╭──

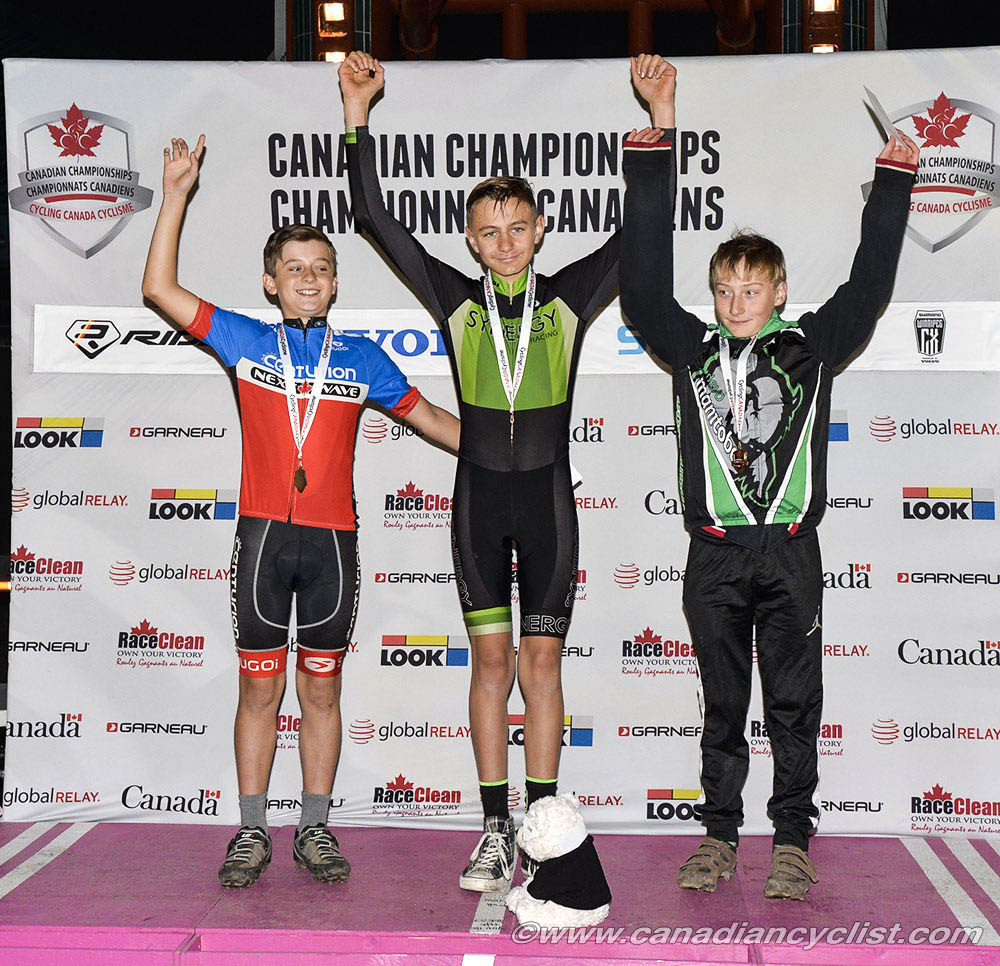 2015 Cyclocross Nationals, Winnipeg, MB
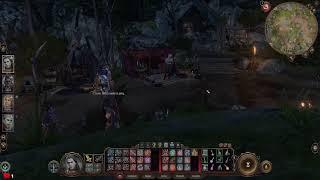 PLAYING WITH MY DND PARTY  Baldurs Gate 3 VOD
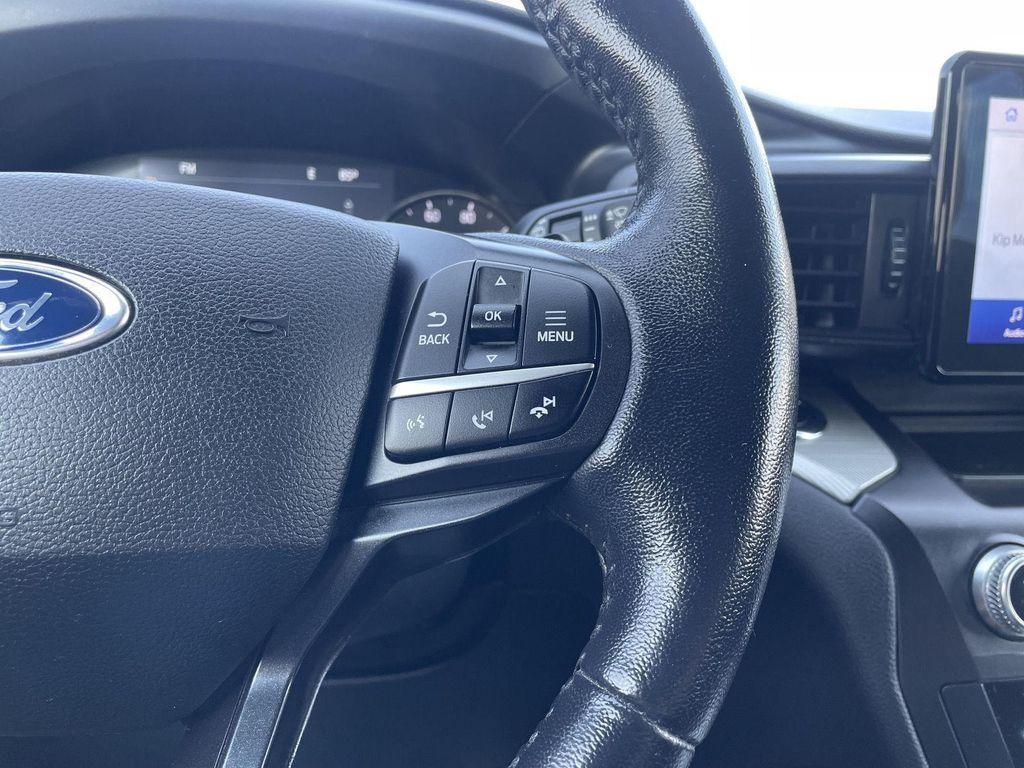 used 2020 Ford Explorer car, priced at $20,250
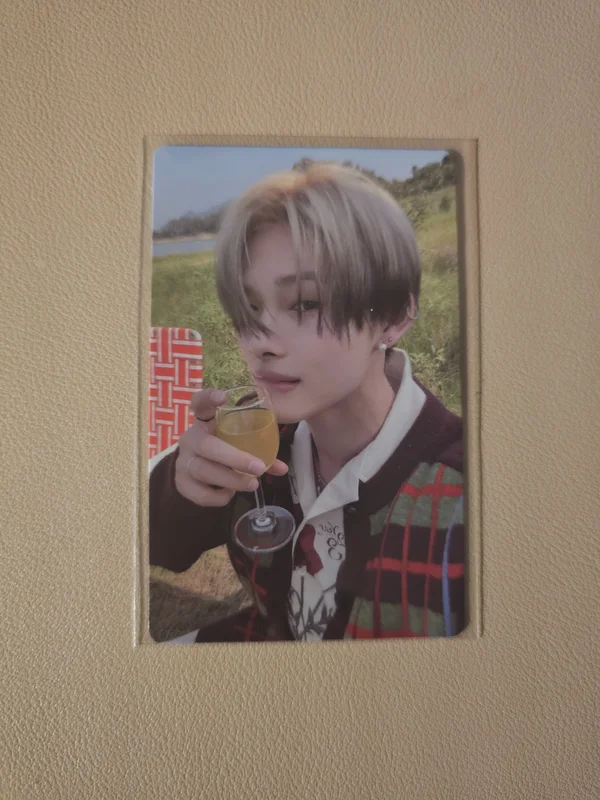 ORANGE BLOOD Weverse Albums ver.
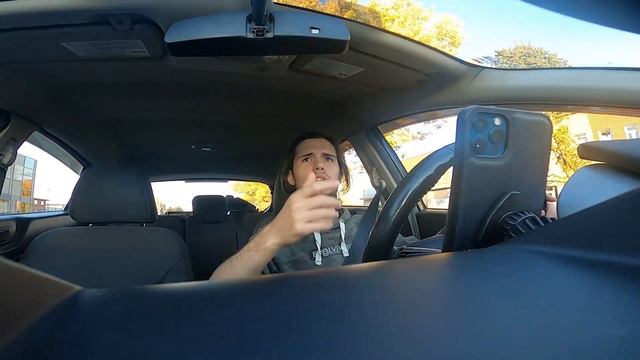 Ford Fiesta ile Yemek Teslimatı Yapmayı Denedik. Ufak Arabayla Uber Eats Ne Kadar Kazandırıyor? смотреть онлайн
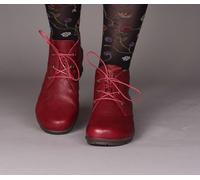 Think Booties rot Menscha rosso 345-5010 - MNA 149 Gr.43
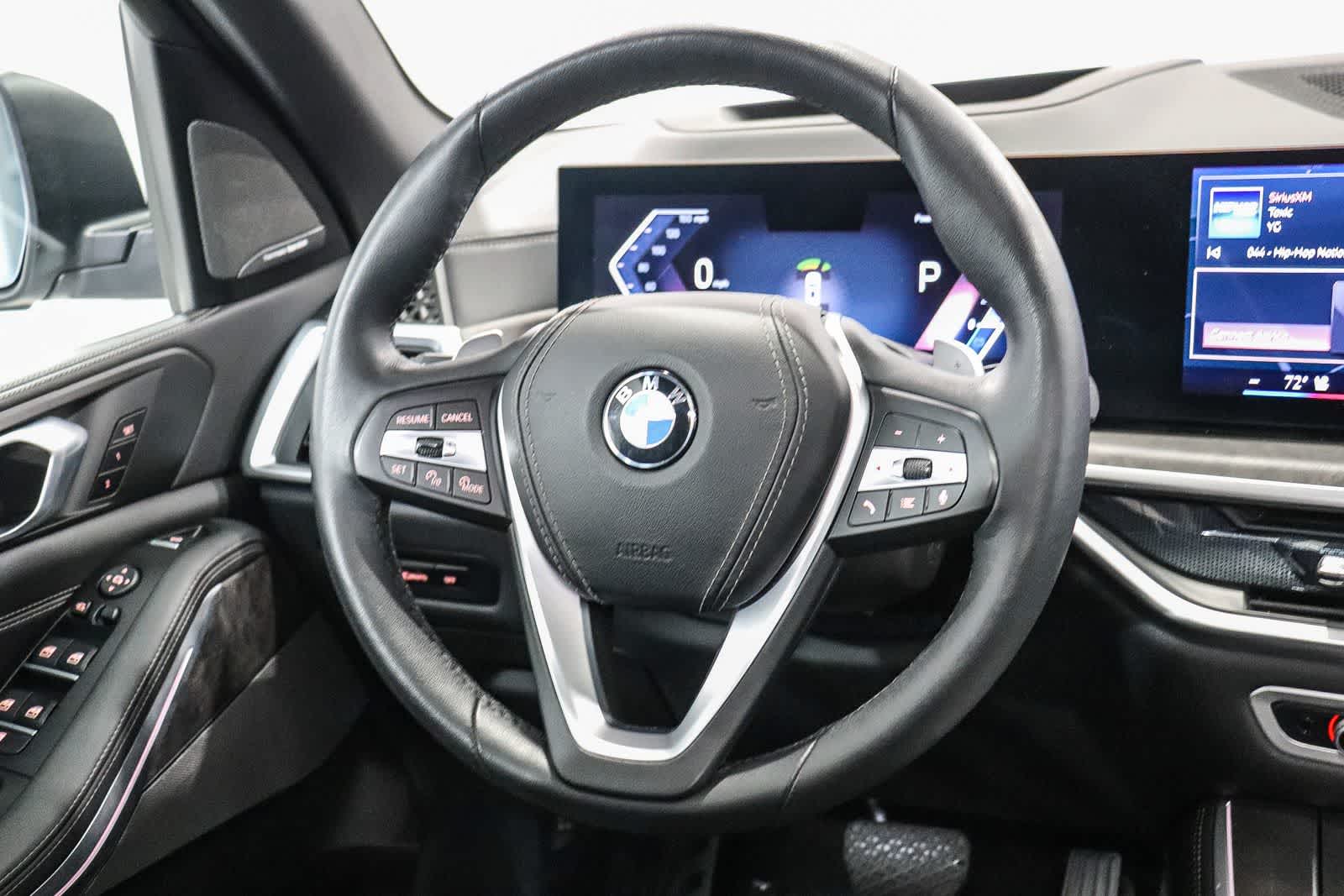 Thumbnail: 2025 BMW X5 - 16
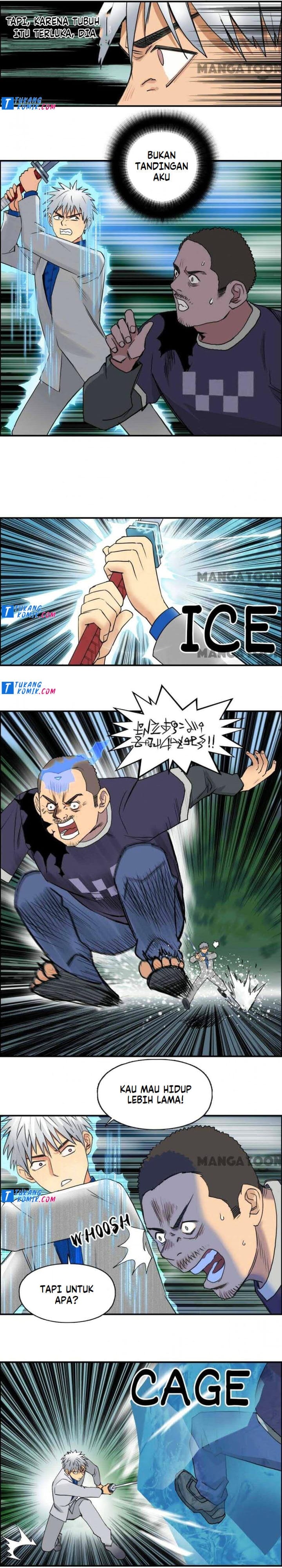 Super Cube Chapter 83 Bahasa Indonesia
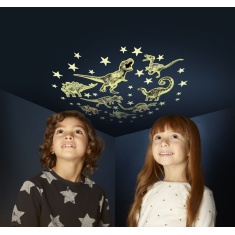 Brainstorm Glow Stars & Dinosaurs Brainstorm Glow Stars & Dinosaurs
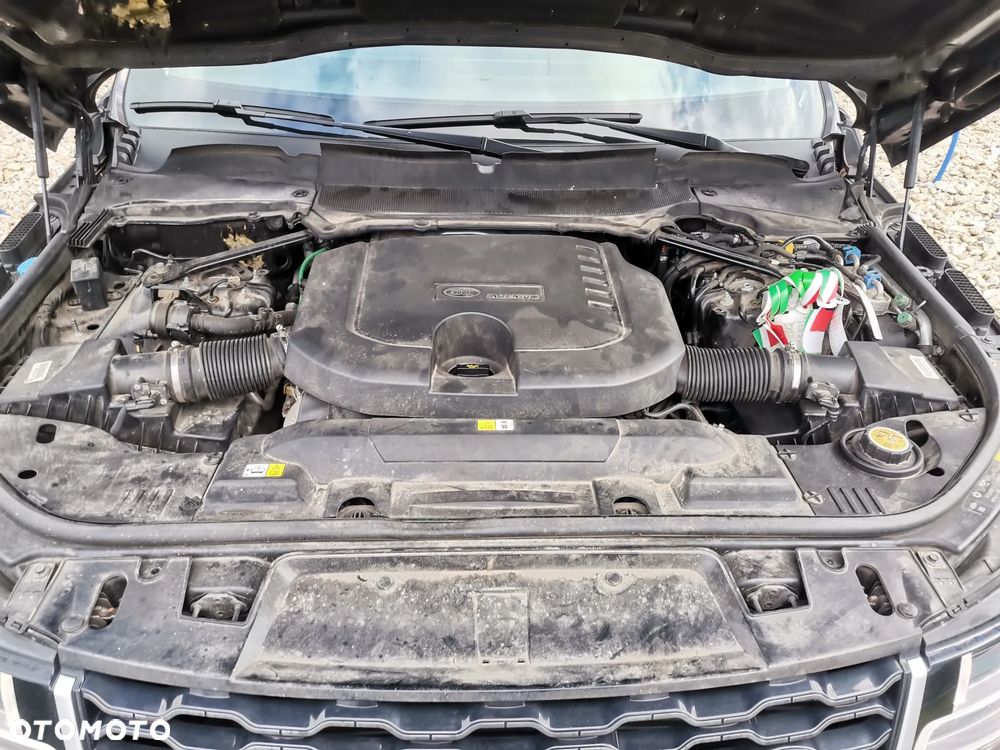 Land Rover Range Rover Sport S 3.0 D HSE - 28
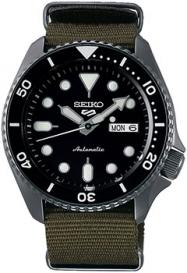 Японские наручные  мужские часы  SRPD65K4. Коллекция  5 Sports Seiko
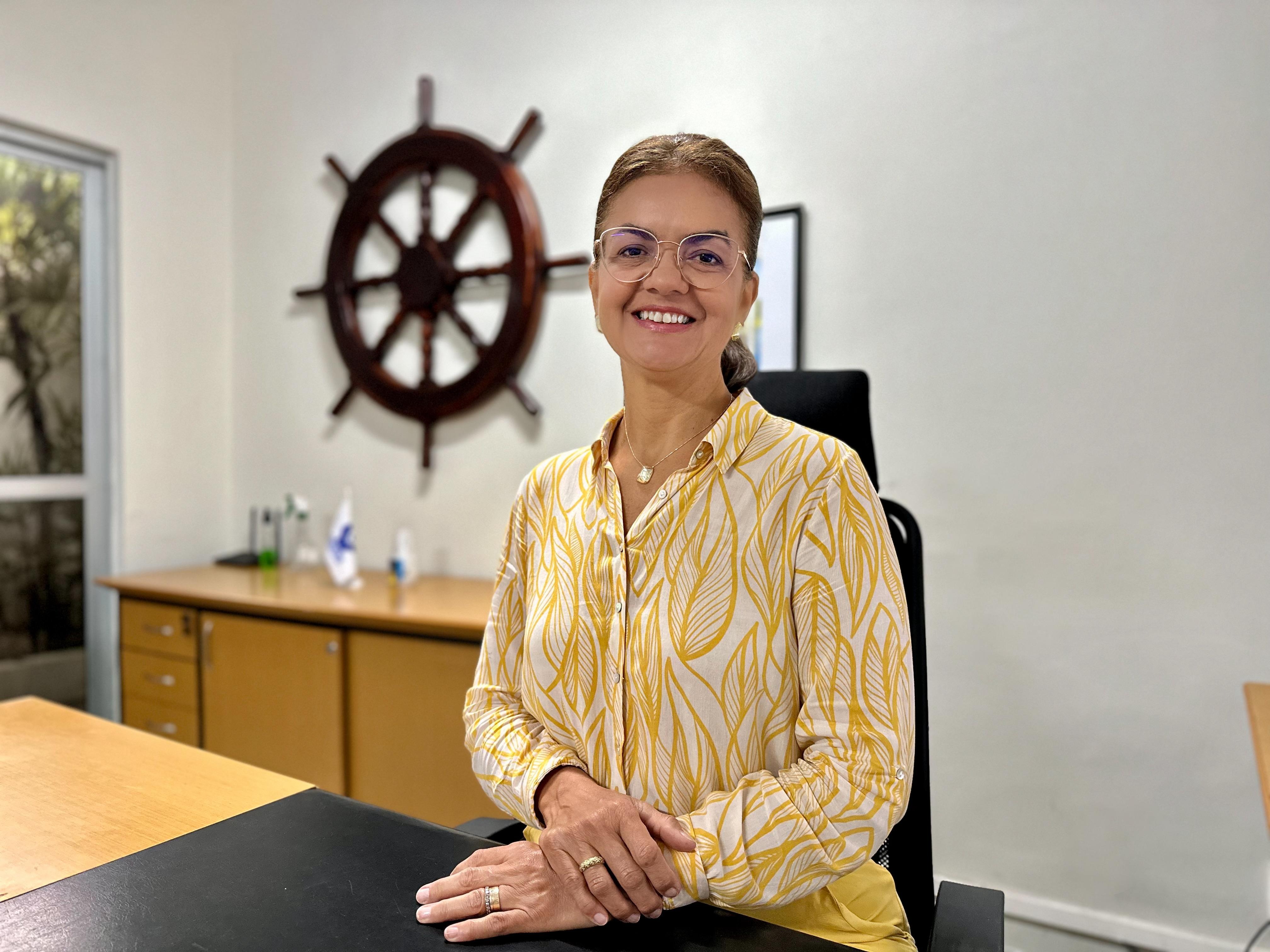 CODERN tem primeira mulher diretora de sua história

╰──

Using the material above, restate word for word the lines from the line that has "5 Sports Seiko" to the last line, inclusive, with pictures omitted.

 Японские наручные  мужские часы  SRPD65K4. Коллекция  5 Sports Seiko
 CODERN tem primeira mulher diretora de sua história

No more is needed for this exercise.